Si la transposition reste séduisante au niveau visuel, il lui manque toutefois ce petit quelque chose pour nous embarquer dans le torrent d’émotion attendu pour La Bohème, notamment lors de la scène finale. Il faut dès lors compter sur le plateau vocal, plus réjouissant, à quelques réserves près. On aurait ainsi aimé une Ailyn Pérez (Mimi) autrement plus engagée, au service d’une composition plus saisissante. On peut bien entendu arguer que cette conception entre en résonance avec la mise en scène, mais on attend davantage qu’un chant parfaitement posé (aux pianissimi de rêve), aux syllabes parfaitement déliées, pour nous emporter pleinement. On note aussi, par rapport aux autres interprètes, une incapacité à embrasser la vaste salle de Bastille en termes de volume, de même qu’un manque de chair dans le medium. D’intensité et de présence, Slávka Zámecníková (Musetta) ne manque pas, imposant une composition d’un naturel confondant, à juste titre vivement applaudie en fin de représentation.
A ses côtés, se distingue le Rodolfo de Joshua Guerrero, au timbre gorgé de soleil et d’intentions, d’une aisance superlative sur toute la tessiture. Que dire aussi du pénétrant Colline de Gianluca Buratto, d’une facilité de projection déconcertante, mais aussi capable de phraser avec beaucoup de sensibilité, en dernière partie de soirée ? Enfin, Andrzej Filończyk (Marcello) et Simone del Savio (Schaunard) composent de solides compères, aussi enjoués que complices, au chant parfaitement en place. Tous les seconds rôles complètent admirablement cette distribution, de même que les choeurs très bien préparés pour l’occasion.

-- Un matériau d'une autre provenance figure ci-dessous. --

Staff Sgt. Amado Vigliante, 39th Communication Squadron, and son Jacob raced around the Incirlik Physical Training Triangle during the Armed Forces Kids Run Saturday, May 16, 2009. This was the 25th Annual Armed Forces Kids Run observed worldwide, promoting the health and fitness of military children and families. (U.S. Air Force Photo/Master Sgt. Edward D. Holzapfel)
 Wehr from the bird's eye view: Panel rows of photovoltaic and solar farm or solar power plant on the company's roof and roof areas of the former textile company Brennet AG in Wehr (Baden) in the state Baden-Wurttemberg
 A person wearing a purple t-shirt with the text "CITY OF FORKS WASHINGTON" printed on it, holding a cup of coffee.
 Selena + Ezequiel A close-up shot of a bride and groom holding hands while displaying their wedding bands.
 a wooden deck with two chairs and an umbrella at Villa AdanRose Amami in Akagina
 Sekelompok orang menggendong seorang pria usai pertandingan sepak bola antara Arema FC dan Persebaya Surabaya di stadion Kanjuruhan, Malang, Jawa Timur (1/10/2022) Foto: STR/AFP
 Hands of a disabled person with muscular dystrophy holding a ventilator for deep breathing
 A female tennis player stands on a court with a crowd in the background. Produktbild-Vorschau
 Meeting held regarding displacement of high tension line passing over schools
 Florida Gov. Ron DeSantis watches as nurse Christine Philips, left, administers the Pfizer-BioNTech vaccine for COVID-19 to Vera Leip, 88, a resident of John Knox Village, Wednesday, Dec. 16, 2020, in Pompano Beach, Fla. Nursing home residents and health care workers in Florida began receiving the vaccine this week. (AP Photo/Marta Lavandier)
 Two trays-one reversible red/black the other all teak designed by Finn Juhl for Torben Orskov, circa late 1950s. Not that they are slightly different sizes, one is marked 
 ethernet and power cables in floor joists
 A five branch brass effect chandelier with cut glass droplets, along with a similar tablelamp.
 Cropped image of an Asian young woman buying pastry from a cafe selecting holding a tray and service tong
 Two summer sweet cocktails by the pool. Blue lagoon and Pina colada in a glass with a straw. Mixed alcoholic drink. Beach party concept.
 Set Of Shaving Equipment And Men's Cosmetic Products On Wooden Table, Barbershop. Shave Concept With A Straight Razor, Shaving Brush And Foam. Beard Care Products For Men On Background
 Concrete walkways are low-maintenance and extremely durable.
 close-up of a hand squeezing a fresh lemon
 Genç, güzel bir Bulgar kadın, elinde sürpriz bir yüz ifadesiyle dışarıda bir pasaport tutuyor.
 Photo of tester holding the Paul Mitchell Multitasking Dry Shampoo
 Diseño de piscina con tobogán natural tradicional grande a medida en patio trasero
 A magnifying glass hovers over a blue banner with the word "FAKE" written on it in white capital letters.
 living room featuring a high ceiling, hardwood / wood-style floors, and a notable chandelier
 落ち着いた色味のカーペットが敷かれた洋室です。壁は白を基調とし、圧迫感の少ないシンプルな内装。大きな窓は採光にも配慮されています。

Autre grand atout de cette reprise : la direction ivre de couleurs de Michele Mariotti, qui se délecte des chatoiements de phrasés en première partie, autour d’un jeu aérien et transparent sur la pulsation rythmique, jouant sur des effets de contrastes dans les passages plus lents, aux phrasés plus délicatement étagés. L’actuel directeur musical de l’Opéra de Rome montre ainsi qu’il est l’une des baguettes les plus stimulantes du moment, manifestement admiré par plusieurs membres de l’Orchestre qui l’applaudissent en fin de représentation.